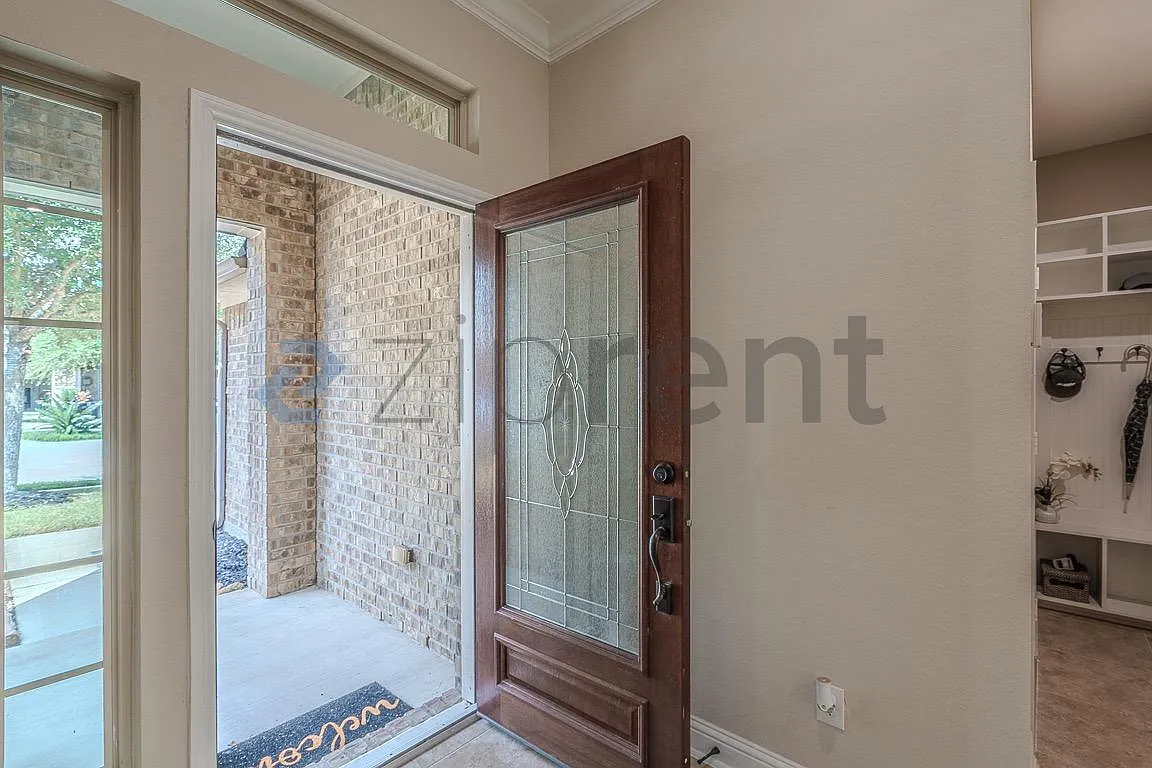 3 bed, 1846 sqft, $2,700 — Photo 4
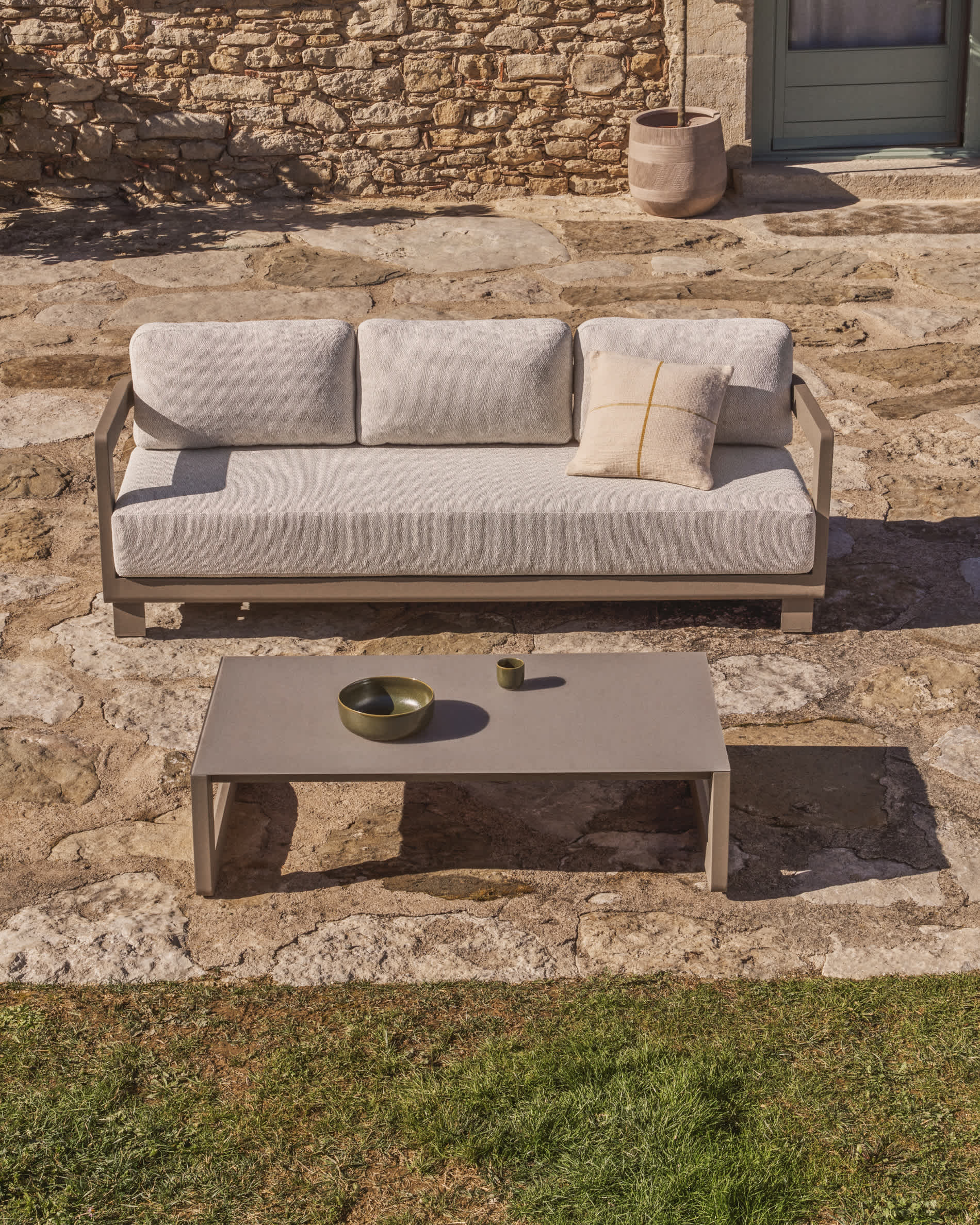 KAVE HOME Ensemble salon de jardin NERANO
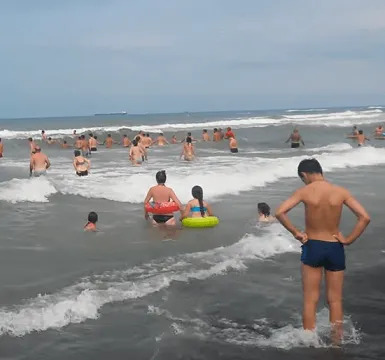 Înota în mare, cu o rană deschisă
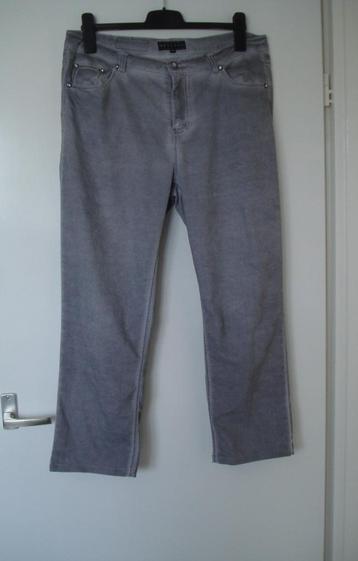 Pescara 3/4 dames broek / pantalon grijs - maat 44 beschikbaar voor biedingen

* * *

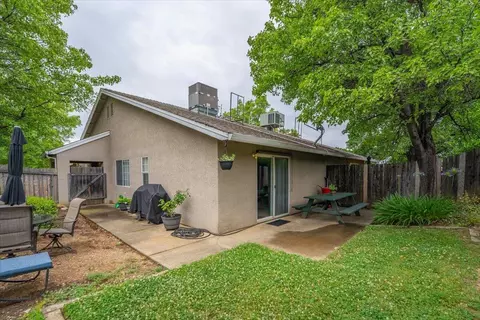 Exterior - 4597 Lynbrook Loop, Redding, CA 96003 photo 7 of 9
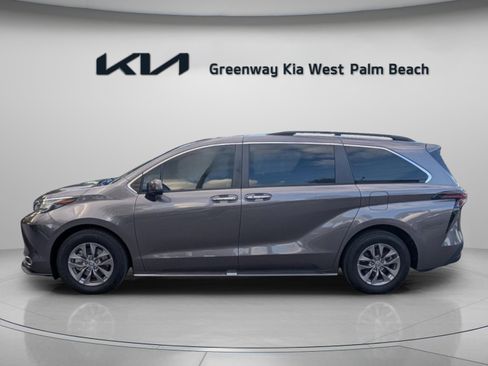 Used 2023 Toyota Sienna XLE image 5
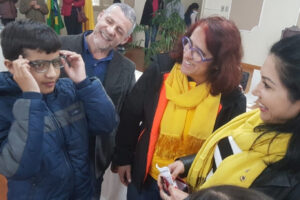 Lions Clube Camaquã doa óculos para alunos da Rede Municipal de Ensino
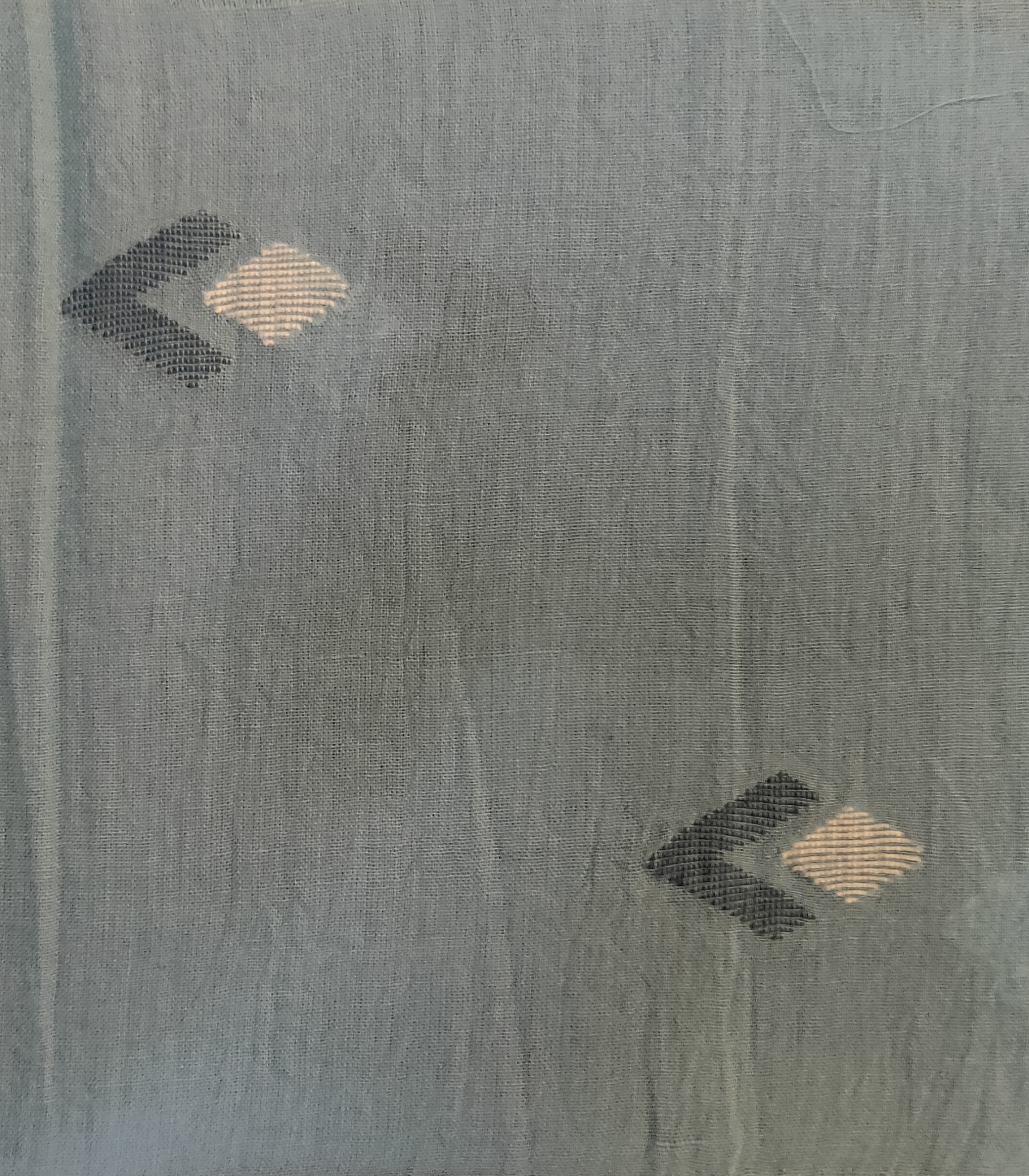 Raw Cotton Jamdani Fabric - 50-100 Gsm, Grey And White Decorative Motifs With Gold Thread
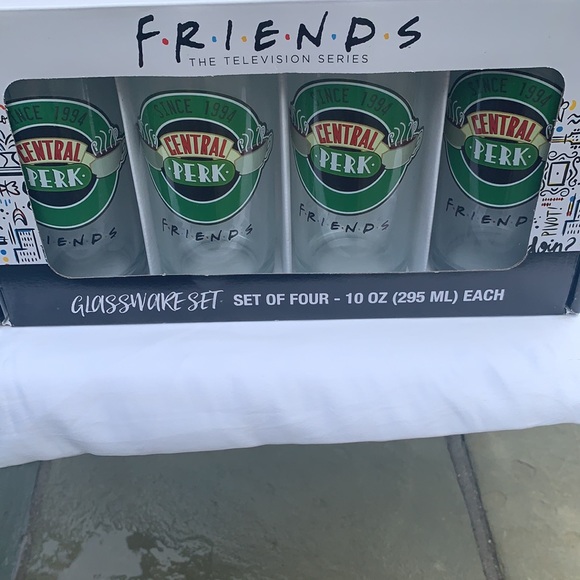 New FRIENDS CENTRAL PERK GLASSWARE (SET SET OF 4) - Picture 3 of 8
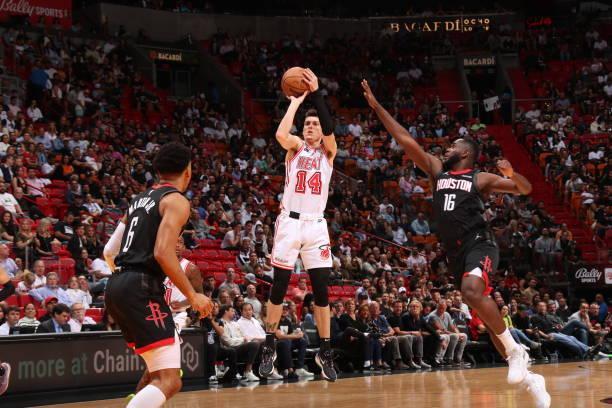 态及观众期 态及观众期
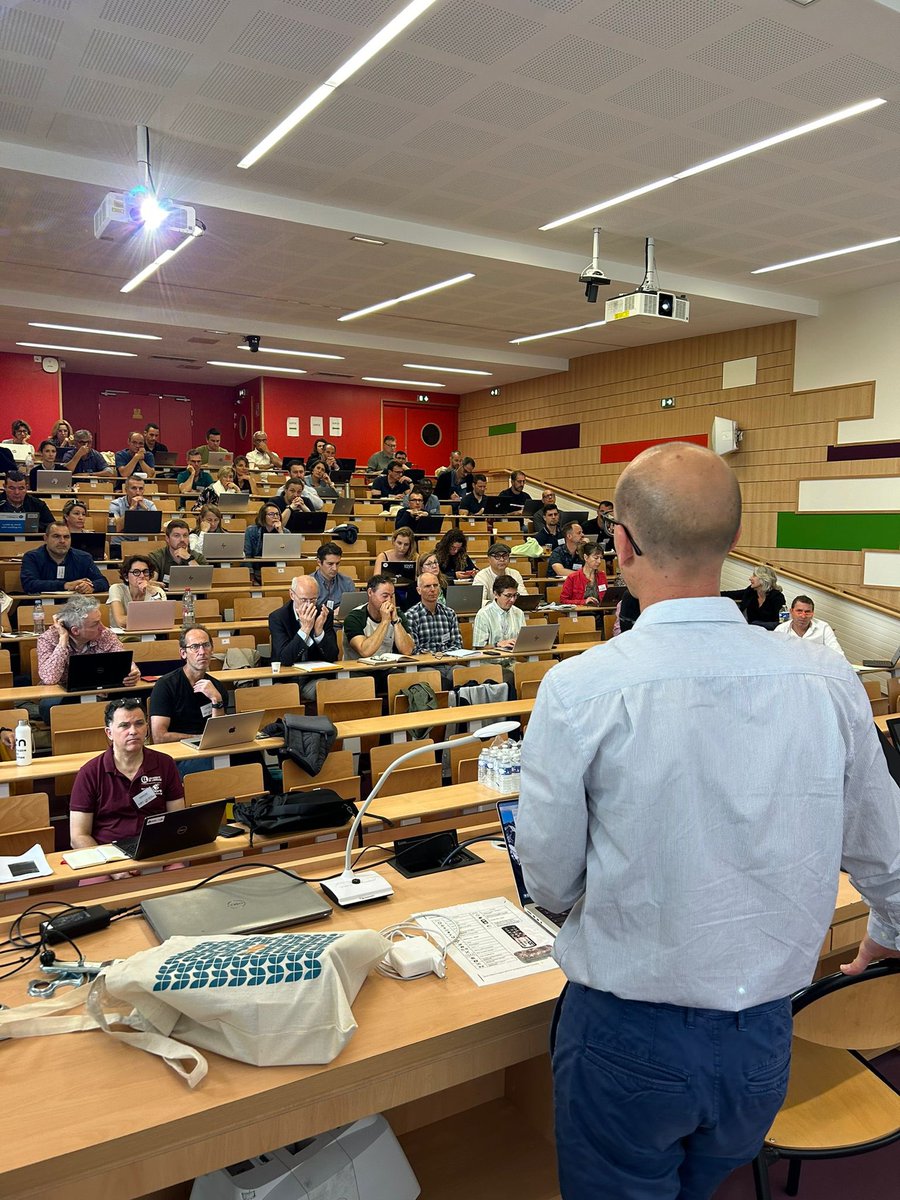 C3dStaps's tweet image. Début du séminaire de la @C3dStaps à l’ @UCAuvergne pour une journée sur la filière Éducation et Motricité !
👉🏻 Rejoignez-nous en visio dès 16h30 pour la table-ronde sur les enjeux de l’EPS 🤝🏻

Task requirements -
Output exactly those lines of the data above that run from the line with "Înota în mare, cu o rană deschisă" up to and including the line with "Pescara 3/4 dames". No pictures go in.

Written response -
 Înota în mare, cu o rană deschisă
 Pescara 3/4 dames broek / pantalon grijs - maat 44 beschikbaar voor biedingen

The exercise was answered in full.